Het proces-verbaal van de terechtzitting in hoger beroep houdt, voor zover voor de beoordeling van het middel van belang, het volgende in:
"De advocaat-generaal vordert dat de verdachte niet-ontvankelijk zal worden verklaard in het hoger beroep, nu hij niet binnen veertien dagen na de uitspraak hoger beroep heeft ingesteld.
Desgevraagd naar zijn standpunt verklaart de raadsman dat hij reeds op 10 september 2012 appel had ingesteld doch bij de verkeerde instantie, namelijk bij de strafgriffie van het gerechtshof. Op basis van de doorzendplicht is vervolgens onmiddellijk bij de strafgriffie van de rechtbank appel ingesteld.
De raadsman legt onder meer zijn brief en faxbericht d.d. 10 september 2012 aan het gerechtshof over aan de voorzitter.
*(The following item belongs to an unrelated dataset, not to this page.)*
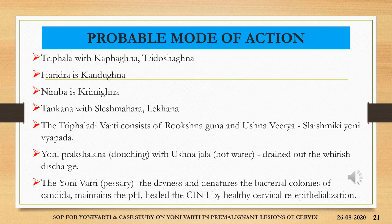The probable mode of action of the drugs: trifla with its kafagana and tridoshagana action, haridra with kandugana as well as krimigana effect, nimba which is krimigana in nature, and tankana which is shleshmahara and lekhana in nature. Thus, the trifla adivarthi consists of rukshana guna and ushna virya dravyas which are absolutely indicated in shleishmiki yonivapada. The yoniprakshalana — douching with ushna jala — drained out the whitish discharge, and the yonivarthi imparted dryness and denatured the bacterial colonies of Candida, maintained the pH, and healed the CIN1 lesion by healthy cervical re-epithelialization.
Daartoe in de gelegenheid gesteld door de voorzitter geeft de advocaat-generaal aan dat voornoemde overgelegde brief in haar procesdossier ontbreekt en dat het de raadsman had gesierd de stukken voor de terechtzitting van heden op te sturen. De advocaat-generaal stelt zich bij gelegenheid van repliek op het standpunt dat de appelakte leidend is en dat van een professionele procespartij mag worden verwacht dat hij weet bij welke instantie appel behoort te worden ingesteld.
Bij gelegenheid van dupliek verklaart de raadsman dat hij inderdaad een schaamtevolle vergissing heeft begaan door bij de verkeerde instantie appel in te stellen, doch dat in zijn visie de datum van het instellen van appel leidend moet worden geacht."